What the task requires →
Go through the entries below from the first line and transcribe each one exactly, ending with the line that contains "Therwil to Bitsch map".

[Extracted records]

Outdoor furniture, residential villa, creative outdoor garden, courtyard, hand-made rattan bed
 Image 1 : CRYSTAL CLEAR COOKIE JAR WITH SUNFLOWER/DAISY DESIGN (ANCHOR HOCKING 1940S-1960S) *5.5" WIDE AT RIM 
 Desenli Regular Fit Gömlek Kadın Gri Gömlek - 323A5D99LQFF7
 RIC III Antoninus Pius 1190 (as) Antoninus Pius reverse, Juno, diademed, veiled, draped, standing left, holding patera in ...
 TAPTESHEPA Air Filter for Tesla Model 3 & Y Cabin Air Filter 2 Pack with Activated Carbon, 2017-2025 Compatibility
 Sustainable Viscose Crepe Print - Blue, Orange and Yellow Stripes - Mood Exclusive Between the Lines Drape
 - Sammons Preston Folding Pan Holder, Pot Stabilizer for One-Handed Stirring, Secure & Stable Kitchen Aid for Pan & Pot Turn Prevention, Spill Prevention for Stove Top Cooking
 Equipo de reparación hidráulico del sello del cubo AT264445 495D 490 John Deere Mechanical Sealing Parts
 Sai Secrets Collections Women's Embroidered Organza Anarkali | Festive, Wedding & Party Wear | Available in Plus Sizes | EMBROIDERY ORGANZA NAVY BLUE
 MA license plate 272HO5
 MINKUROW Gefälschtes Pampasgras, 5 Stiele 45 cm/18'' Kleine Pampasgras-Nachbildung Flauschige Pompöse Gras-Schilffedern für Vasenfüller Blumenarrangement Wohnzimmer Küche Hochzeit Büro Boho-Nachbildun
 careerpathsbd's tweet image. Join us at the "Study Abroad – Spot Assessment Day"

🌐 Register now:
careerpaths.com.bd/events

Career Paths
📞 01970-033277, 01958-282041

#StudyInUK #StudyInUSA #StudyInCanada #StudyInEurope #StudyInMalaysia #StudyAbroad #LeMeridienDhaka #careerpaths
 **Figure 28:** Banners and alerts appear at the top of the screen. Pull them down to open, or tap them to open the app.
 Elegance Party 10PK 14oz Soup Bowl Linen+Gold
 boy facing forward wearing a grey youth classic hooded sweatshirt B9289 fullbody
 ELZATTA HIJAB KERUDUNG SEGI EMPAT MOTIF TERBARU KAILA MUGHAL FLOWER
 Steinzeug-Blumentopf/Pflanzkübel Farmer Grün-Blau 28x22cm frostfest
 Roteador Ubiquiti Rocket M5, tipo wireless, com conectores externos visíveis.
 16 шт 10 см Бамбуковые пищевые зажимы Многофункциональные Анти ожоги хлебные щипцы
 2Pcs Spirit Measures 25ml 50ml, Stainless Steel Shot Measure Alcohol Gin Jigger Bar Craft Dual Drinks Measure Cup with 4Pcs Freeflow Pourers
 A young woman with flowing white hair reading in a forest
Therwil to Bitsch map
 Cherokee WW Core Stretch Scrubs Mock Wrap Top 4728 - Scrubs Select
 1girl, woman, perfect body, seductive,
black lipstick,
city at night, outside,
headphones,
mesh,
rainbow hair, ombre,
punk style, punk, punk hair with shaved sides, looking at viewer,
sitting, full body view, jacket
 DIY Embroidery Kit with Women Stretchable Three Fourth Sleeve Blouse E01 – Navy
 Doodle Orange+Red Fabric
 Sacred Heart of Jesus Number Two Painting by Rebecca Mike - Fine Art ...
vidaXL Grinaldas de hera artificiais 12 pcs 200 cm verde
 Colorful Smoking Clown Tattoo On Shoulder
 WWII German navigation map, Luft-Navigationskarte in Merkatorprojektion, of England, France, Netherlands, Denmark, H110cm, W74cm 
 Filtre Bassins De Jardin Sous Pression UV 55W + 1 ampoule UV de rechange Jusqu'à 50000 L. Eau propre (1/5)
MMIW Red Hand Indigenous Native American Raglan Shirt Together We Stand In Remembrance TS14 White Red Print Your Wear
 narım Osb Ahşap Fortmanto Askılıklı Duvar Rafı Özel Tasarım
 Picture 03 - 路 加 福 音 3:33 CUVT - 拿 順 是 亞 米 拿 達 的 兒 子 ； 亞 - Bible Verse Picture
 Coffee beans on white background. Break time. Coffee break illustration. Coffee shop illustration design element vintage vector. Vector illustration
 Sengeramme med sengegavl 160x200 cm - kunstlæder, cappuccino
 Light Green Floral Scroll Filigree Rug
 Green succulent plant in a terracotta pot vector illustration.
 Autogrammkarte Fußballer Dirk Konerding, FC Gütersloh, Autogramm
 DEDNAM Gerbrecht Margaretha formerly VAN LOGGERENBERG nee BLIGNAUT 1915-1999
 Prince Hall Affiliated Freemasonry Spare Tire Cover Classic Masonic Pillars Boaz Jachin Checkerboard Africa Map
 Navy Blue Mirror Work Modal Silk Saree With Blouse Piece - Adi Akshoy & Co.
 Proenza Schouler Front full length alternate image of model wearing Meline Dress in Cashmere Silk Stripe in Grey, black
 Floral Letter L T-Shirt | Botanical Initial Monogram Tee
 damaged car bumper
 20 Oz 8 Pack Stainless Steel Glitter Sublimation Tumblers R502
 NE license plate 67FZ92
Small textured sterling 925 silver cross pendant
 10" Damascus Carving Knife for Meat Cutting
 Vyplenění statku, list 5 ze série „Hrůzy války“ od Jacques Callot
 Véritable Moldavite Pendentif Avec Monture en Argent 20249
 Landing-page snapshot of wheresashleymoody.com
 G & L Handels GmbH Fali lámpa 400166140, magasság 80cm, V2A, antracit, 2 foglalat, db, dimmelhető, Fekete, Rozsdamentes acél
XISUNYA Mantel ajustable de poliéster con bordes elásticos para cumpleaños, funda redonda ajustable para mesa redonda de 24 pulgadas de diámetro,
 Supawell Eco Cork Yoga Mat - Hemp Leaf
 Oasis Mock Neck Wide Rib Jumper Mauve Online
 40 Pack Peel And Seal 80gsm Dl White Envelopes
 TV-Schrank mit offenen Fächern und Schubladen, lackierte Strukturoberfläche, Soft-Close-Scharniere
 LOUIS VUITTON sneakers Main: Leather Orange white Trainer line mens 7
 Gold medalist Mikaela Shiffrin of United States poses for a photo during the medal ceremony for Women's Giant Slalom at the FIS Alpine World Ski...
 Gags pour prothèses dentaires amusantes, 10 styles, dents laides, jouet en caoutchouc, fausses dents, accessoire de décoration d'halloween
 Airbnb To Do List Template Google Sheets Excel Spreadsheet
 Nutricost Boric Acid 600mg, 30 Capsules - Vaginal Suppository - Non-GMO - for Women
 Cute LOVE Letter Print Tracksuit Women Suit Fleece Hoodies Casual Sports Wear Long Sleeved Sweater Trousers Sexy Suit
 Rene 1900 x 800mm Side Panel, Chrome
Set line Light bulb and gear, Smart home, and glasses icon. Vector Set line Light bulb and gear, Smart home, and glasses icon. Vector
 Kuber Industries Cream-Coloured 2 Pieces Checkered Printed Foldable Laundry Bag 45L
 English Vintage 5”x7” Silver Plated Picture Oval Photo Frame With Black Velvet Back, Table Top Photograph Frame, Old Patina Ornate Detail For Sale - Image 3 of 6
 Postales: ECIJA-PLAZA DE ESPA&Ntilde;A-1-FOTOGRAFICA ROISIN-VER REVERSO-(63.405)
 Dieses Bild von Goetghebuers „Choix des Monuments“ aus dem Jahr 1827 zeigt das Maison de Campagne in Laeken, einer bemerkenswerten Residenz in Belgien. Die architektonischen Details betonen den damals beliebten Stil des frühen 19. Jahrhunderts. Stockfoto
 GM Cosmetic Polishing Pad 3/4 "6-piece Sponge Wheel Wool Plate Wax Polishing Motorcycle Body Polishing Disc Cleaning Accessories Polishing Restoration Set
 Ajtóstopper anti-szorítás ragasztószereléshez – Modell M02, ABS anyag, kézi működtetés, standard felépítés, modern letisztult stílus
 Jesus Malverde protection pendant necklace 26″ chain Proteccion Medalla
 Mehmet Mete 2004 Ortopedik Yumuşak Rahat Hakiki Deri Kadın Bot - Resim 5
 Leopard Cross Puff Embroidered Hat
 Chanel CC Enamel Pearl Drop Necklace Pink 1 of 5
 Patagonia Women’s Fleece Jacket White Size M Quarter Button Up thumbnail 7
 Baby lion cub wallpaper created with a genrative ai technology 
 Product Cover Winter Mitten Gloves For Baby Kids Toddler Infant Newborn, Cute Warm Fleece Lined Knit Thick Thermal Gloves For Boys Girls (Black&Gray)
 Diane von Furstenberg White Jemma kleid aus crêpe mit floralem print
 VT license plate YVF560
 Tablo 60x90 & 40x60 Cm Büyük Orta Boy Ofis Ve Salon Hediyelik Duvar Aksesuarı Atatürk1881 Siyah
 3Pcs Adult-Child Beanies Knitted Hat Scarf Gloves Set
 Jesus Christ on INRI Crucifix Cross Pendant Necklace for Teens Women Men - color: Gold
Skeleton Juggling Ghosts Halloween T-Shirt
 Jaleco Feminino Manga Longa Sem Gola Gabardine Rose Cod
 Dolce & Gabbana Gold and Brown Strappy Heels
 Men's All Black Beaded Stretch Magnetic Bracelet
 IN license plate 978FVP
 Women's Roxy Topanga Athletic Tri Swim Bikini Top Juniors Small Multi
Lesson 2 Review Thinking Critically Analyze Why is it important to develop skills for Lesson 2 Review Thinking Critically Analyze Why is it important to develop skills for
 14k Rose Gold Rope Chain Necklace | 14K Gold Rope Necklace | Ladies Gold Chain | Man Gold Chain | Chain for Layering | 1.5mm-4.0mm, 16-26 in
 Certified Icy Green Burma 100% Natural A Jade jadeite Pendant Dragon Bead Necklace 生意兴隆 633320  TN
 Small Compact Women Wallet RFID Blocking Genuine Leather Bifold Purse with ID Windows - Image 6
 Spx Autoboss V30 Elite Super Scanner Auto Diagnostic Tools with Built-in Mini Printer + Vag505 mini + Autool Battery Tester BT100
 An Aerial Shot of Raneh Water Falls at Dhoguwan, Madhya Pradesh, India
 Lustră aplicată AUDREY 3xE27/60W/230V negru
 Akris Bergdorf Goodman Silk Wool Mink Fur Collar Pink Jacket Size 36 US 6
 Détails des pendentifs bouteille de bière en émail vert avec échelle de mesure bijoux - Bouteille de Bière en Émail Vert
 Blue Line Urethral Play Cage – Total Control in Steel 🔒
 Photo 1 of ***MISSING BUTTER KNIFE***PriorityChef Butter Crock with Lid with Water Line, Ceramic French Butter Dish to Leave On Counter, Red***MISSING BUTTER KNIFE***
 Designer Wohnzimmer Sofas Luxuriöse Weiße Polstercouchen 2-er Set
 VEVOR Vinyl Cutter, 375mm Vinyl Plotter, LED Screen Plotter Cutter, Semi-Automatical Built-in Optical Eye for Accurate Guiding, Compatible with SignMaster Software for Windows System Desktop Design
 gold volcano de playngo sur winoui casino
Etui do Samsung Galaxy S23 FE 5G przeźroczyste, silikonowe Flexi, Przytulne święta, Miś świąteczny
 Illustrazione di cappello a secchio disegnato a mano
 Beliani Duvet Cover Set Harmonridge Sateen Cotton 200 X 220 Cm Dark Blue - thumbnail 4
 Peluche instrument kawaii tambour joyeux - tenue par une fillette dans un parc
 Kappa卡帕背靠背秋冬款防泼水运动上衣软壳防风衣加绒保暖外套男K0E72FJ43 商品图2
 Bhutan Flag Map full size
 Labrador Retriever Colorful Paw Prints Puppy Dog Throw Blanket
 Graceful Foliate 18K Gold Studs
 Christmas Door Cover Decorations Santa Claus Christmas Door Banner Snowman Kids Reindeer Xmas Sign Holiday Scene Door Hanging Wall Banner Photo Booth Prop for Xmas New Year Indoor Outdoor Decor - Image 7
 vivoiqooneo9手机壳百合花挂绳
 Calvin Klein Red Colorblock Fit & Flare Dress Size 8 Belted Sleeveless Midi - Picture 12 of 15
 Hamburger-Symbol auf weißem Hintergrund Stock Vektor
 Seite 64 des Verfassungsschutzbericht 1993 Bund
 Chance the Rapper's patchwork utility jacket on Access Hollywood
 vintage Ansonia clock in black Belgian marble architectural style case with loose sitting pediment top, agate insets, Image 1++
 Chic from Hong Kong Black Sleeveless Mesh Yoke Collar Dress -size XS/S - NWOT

Result of this exercise →
Outdoor furniture, residential villa, creative outdoor garden, courtyard, hand-made rattan bed
 Image 1 : CRYSTAL CLEAR COOKIE JAR WITH SUNFLOWER/DAISY DESIGN (ANCHOR HOCKING 1940S-1960S) *5.5" WIDE AT RIM 
 Desenli Regular Fit Gömlek Kadın Gri Gömlek - 323A5D99LQFF7
 RIC III Antoninus Pius 1190 (as) Antoninus Pius reverse, Juno, diademed, veiled, draped, standing left, holding patera in ...
 TAPTESHEPA Air Filter for Tesla Model 3 & Y Cabin Air Filter 2 Pack with Activated Carbon, 2017-2025 Compatibility
 Sustainable Viscose Crepe Print - Blue, Orange and Yellow Stripes - Mood Exclusive Between the Lines Drape
 - Sammons Preston Folding Pan Holder, Pot Stabilizer for One-Handed Stirring, Secure & Stable Kitchen Aid for Pan & Pot Turn Prevention, Spill Prevention for Stove Top Cooking
 Equipo de reparación hidráulico del sello del cubo AT264445 495D 490 John Deere Mechanical Sealing Parts
 Sai Secrets Collections Women's Embroidered Organza Anarkali | Festive, Wedding & Party Wear | Available in Plus Sizes | EMBROIDERY ORGANZA NAVY BLUE
 MA license plate 272HO5
 MINKUROW Gefälschtes Pampasgras, 5 Stiele 45 cm/18'' Kleine Pampasgras-Nachbildung Flauschige Pompöse Gras-Schilffedern für Vasenfüller Blumenarrangement Wohnzimmer Küche Hochzeit Büro Boho-Nachbildun
 careerpathsbd's tweet image. Join us at the "Study Abroad – Spot Assessment Day"

🌐 Register now:
careerpaths.com.bd/events

Career Paths
📞 01970-033277, 01958-282041

#StudyInUK #StudyInUSA #StudyInCanada #StudyInEurope #StudyInMalaysia #StudyAbroad #LeMeridienDhaka #careerpaths
 **Figure 28:** Banners and alerts appear at the top of the screen. Pull them down to open, or tap them to open the app.
 Elegance Party 10PK 14oz Soup Bowl Linen+Gold
 boy facing forward wearing a grey youth classic hooded sweatshirt B9289 fullbody
 ELZATTA HIJAB KERUDUNG SEGI EMPAT MOTIF TERBARU KAILA MUGHAL FLOWER
 Steinzeug-Blumentopf/Pflanzkübel Farmer Grün-Blau 28x22cm frostfest
 Roteador Ubiquiti Rocket M5, tipo wireless, com conectores externos visíveis.
 16 шт 10 см Бамбуковые пищевые зажимы Многофункциональные Анти ожоги хлебные щипцы
 2Pcs Spirit Measures 25ml 50ml, Stainless Steel Shot Measure Alcohol Gin Jigger Bar Craft Dual Drinks Measure Cup with 4Pcs Freeflow Pourers
 A young woman with flowing white hair reading in a forest
Therwil to Bitsch map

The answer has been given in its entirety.